The building of a global network of special operations forces, as well as U.S. government partners and partner nations, is a major component of Socom 2020, McRaven explained during the Special Operations Forces Industry Conference in Tampa, Fla., earlier this month.

McRaven's Socom 2020 vision calls for a globally networked force of special operations forces, interagency representatives, allies and partners, with aligned structures processes and authorities to enable its operations. Globally networked forces, he said, will provide geographic combatant commanders and chiefs of mission with an unprecedented unity of effort and an enhance ability to respond to regional contingencies and threats to stability.

McRaven noted his own experience working with the Joint Special Operations Command in Afghanistan. "It has been interesting to work in a network like that, and we do that very, very well on the direct action side," he said. "We need to figure out -- and it is part of the Socom plan -- how do we take that network, and be able to extend that out to the theater special operations commands," down to special operations forward elements and forces assigned to them.

Working toward that vision, the Socom staff is hard at work on what is expected to serve as a blueprint for special operations forces activities around the globe in light of the new guidance, explained Army Col. Stuart Bradin, who is leading the operational planning team.

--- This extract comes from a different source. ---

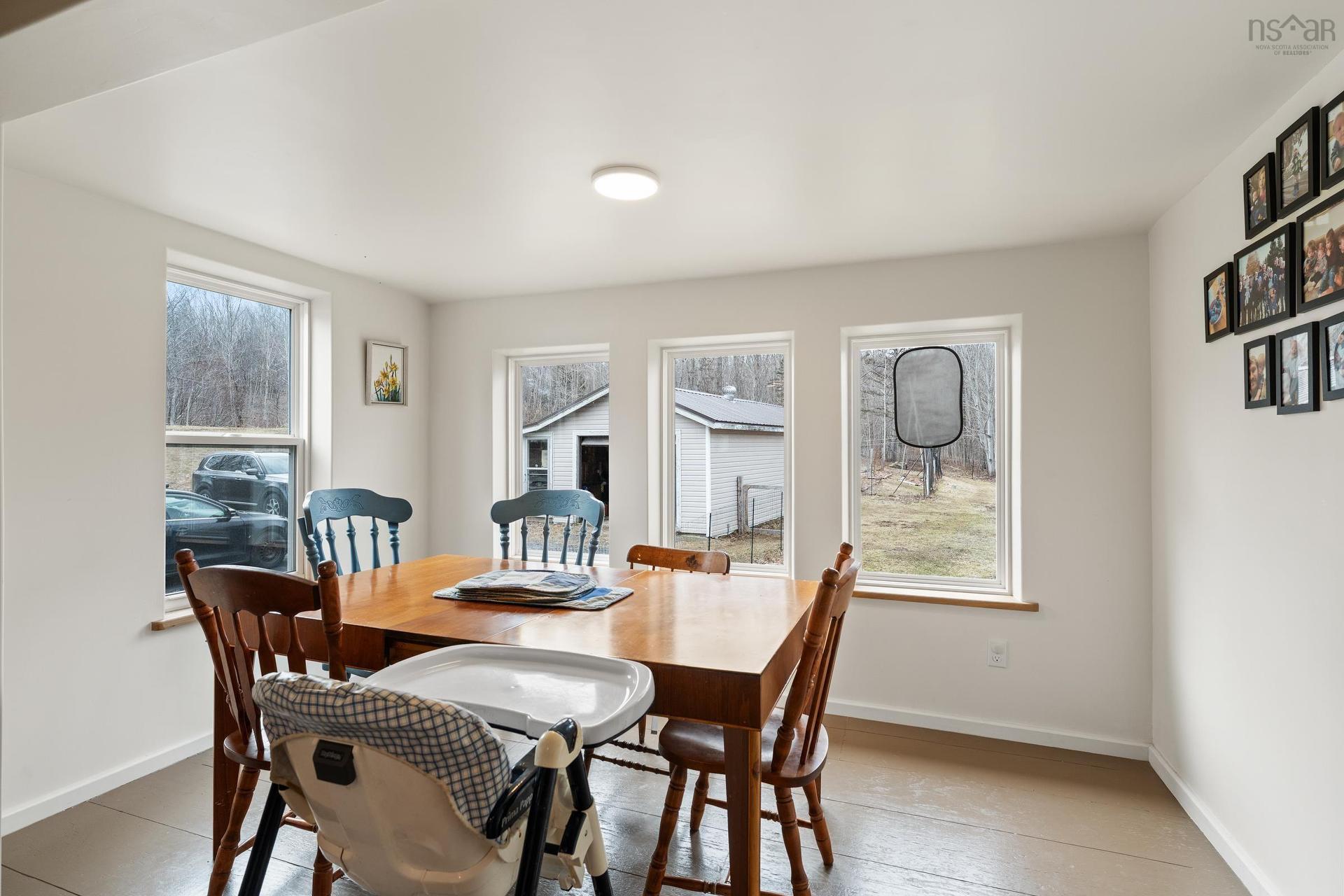 550 River Road, Bear River, NS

With a renewed focus on the Asia-Pacific region as well as the Middle East, the new strategy calls for military operations that more closely mirror those special operations forces have conducted since their inception, Bradin noted.

The strategy advocates smaller-scale operations and activities coordinated with not only with partner nations and militaries, but also with the U.S. interagency community. The focus will be on preventing major conflict before it happens, largely by building partner capacity.

"We are going to go out in small footprints and work with key partners to ensure that small regional issues don't become major theater operations," Bradin said. "We can't afford that in blood or treasure."

The planning effort underway here is examining what special operations missions should be conducted, and where, in support of the strategy, Bradin said.

For the past 12 years, the intensive demand for special operations forces in Iraq and Afghanistan left minimal capability to support other parts of the globe. Those engagements, when they occurred, typically were linked to short-term exercises and training events. But with wartime requirements expected to reduce, McRaven said, he hopes to provide better support for all of the theater special operations commanders and the geographic combatant commanders they serve.

Rather than posturing capability to counter specific threats -- a calculation that historically has rarely been accurate -- McRaven wants to posture it with the combatant commanders.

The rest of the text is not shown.